# Interleaving Text and Images in Prompts

This notebook demonstrates how to interleave text and images in prompts using MLX-VLM. This technique is useful when you want to:
- Compare multiple images by name or label
- Add context or metadata to each image
- Structure complex multi-image queries

The key is using the message structure with alternating `text` and `image` types in the content list.

In [None]:
from mlx_vlm import load, generate
from mlx_vlm.prompt_utils import get_chat_template

## Load Model and Processor

We'll use Qwen3-VL which supports multi-image inputs with interleaved text.

In [None]:
# Load model and processor
model, processor = load("mlx-community/Qwen3-VL-2B-Instruct-4bit")
config = model.config

## Example 1: Basic Interleaved Text and Images

In this example, we'll compare two images by adding text labels before each image. This helps the model understand which image is which when analyzing them.

In [None]:
# Define images to compare
images = ["images/cats.jpg", "images/desktop_setup.png"]

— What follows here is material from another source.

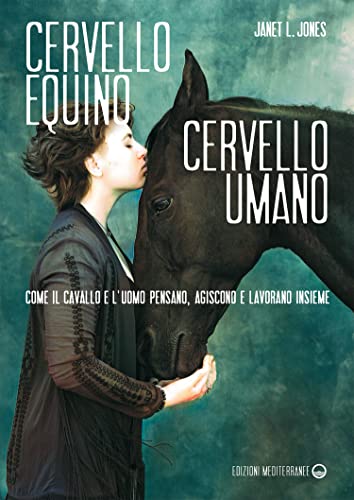 Cervello equino, cervello umano: Come il cavallo e l'uomo... - Deal du jour à 2.99€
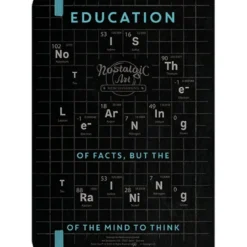 Muistikirja A5 - Einstein Genius Notes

# Create message with interleaved text and image placeholders
messages = [
    {
        "role": "user",
        "content": [
            {"type": "text", "text": "Here is image1.jpg:"},
            {"type": "image"},
            {"type": "text", "text": "Here is image2.png:"},
            {"type": "image"},
            {"type": "text", "text": "What are the main differences between image1.jpg and image2.png?"}
        ]
    }
]

print("Message structure:")
print(messages)

In [None]:
# Apply chat template
prompt = get_chat_template(
    processor,
    messages,
    add_generation_prompt=True
)

print("\nFormatted prompt:")
print(prompt)

In [None]:
# Generate response
output = generate(
    model,
    processor,
    prompt,
    images,
    max_tokens=500,
    temperature=0.7,
    verbose=True
)

## Example 2: Advanced Example with Metadata

This example demonstrates adding rich metadata to images, such as:
- Filenames
- Timestamps
- GPS coordinates
- Other contextual information

This is particularly useful for tasks like:
- Clustering photos by location or time
- Analyzing photo collections
- Creating photo albums or timelines

In [None]:
# Create message with detailed metadata for each image
messages_with_metadata = [
    {
        "role": "user",
        "content": [
            {"type": "text", "text": "This is cats.jpg, it was taken at 8am on 4/4/2024 at GPS coordinates (37.7749, -122.4194):"},
            {"type": "image"},
            {"type": "text", "text": "This is desktop_setup.png, it was taken at 2pm on 4/4/2024 at GPS coordinates (37.7750, -122.4195):"},
            {"type": "image"},
            {"type": "text", "text": "Based on the timestamps and locations, please analyze these images and determine if they might be from the same location or event. What common themes or differences do you notice?"}
        ]
    }
]

print("Message structure with metadata:")
print(messages_with_metadata)

In [None]:
# Apply chat template
prompt_with_metadata = get_chat_template(
    processor,
    messages_with_metadata,
    add_generation_prompt=True
)

print("\nFormatted prompt with metadata:")
print(prompt_with_metadata)

In [None]:
# Generate response
output_with_metadata = generate(
    model,
    processor,
    prompt_with_metadata,
    images,
    max_tokens=500,
    temperature=0.7,
    verbose=True
)

## Example 3: Multiple Images with Individual Descriptions

You can also use this pattern to provide individual descriptions or questions for each image before asking a comprehensive question.

In [None]:
# Create message with individual context for each image
messages_individual = [
    {
        "role": "user",
        "content": [
            {"type": "text", "text": "First image - a cozy indoor scene:"},
            {"type": "image"},
            {"type": "text", "text": "Second image - a workspace setup:"},
            {"type": "image"},
            {"type": "text", "text": "What is the overall mood or atmosphere conveyed by these two environments? How might they complement each other in a home?"}
        ]
    }
]

# Apply chat template
prompt_individual = get_chat_template(
    processor,
    messages_individual,
    add_generation_prompt=True
)

# Generate response
output_individual = generate(
    model,
    processor,
    prompt_individual,
    images,
    max_tokens=500,
    temperature=0.7,
    verbose=True
)

## Key Takeaways

1. **Message Structure**: Use a list of dictionaries in the `content` field with alternating `{"type": "text", "text": "..."}` and `{"type": "image"}` entries.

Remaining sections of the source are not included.